_ACTION ITEM:_
Reproduce every entry exactly, without alteration.

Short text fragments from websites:

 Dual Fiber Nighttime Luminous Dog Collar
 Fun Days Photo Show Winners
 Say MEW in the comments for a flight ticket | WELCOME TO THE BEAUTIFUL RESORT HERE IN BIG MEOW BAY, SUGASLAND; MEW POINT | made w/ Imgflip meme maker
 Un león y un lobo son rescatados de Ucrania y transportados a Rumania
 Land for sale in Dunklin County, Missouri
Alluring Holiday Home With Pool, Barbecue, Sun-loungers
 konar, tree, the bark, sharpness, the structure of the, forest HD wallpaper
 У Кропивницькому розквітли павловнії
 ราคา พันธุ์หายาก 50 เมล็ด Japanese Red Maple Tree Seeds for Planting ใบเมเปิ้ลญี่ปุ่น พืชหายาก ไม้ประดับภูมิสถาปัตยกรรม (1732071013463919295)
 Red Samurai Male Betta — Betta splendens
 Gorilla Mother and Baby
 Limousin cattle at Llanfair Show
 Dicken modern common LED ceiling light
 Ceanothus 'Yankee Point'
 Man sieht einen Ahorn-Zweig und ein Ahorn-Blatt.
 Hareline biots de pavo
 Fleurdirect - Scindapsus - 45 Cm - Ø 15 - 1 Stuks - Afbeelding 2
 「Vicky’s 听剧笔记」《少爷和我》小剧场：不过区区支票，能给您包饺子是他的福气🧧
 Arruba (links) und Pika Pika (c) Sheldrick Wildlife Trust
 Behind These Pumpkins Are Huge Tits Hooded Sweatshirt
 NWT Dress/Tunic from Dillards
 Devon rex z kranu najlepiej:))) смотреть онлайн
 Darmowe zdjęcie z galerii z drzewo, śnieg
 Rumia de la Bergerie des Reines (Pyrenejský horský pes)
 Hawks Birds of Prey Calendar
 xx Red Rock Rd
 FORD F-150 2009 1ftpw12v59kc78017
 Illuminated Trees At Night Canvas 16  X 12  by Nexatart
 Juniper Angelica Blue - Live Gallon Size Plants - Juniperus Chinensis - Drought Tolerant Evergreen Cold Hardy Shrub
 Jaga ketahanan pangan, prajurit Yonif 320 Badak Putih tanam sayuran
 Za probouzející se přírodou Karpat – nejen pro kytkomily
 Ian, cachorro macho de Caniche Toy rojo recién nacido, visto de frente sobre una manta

_ANSWER SECTION:_
 Dual Fiber Nighttime Luminous Dog Collar
 Fun Days Photo Show Winners
 Say MEW in the comments for a flight ticket | WELCOME TO THE BEAUTIFUL RESORT HERE IN BIG MEOW BAY, SUGASLAND; MEW POINT | made w/ Imgflip meme maker
 Un león y un lobo son rescatados de Ucrania y transportados a Rumania
 Land for sale in Dunklin County, Missouri
Alluring Holiday Home With Pool, Barbecue, Sun-loungers
 konar, tree, the bark, sharpness, the structure of the, forest HD wallpaper
 У Кропивницькому розквітли павловнії
 ราคา พันธุ์หายาก 50 เมล็ด Japanese Red Maple Tree Seeds for Planting ใบเมเปิ้ลญี่ปุ่น พืชหายาก ไม้ประดับภูมิสถาปัตยกรรม (1732071013463919295)
 Red Samurai Male Betta — Betta splendens
 Gorilla Mother and Baby
 Limousin cattle at Llanfair Show
 Dicken modern common LED ceiling light
 Ceanothus 'Yankee Point'
 Man sieht einen Ahorn-Zweig und ein Ahorn-Blatt.
 Hareline biots de pavo
 Fleurdirect - Scindapsus - 45 Cm - Ø 15 - 1 Stuks - Afbeelding 2
 「Vicky’s 听剧笔记」《少爷和我》小剧场：不过区区支票，能给您包饺子是他的福气🧧
 Arruba (links) und Pika Pika (c) Sheldrick Wildlife Trust
 Behind These Pumpkins Are Huge Tits Hooded Sweatshirt
 NWT Dress/Tunic from Dillards
 Devon rex z kranu najlepiej:))) смотреть онлайн
 Darmowe zdjęcie z galerii z drzewo, śnieg
 Rumia de la Bergerie des Reines (Pyrenejský horský pes)
 Hawks Birds of Prey Calendar
 xx Red Rock Rd
 FORD F-150 2009 1ftpw12v59kc78017
 Illuminated Trees At Night Canvas 16  X 12  by Nexatart
 Juniper Angelica Blue - Live Gallon Size Plants - Juniperus Chinensis - Drought Tolerant Evergreen Cold Hardy Shrub
 Jaga ketahanan pangan, prajurit Yonif 320 Badak Putih tanam sayuran
 Za probouzející se přírodou Karpat – nejen pro kytkomily
 Ian, cachorro macho de Caniche Toy rojo recién nacido, visto de frente sobre una manta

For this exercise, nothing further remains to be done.